***** RECORDS SHOWN *****
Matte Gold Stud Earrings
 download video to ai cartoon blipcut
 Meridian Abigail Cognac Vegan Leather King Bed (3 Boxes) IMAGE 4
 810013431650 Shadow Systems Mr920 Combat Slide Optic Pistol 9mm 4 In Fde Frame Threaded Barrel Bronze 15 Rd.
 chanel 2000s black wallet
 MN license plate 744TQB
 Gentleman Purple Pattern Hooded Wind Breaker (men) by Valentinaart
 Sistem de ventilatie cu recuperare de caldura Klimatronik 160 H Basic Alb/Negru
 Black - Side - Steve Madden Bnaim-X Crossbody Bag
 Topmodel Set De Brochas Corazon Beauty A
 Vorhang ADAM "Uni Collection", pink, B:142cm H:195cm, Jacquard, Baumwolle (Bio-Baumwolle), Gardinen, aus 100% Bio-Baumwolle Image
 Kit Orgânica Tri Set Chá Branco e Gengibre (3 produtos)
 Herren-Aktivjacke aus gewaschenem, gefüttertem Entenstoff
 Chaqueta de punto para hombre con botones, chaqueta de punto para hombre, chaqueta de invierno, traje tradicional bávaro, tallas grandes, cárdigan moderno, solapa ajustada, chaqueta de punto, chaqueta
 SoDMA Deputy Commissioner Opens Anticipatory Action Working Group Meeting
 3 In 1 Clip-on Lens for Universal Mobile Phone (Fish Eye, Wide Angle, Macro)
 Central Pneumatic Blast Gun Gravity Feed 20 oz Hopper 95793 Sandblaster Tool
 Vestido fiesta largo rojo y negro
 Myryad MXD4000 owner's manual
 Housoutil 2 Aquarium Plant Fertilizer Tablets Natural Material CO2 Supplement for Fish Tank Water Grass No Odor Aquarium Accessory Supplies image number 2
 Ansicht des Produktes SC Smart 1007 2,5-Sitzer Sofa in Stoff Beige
*****
## PROBLEM REQUIREMENTS
Please tally the lines above that contain "Fish" and report nothing but the total.

## PROBLEM SOLUTION
2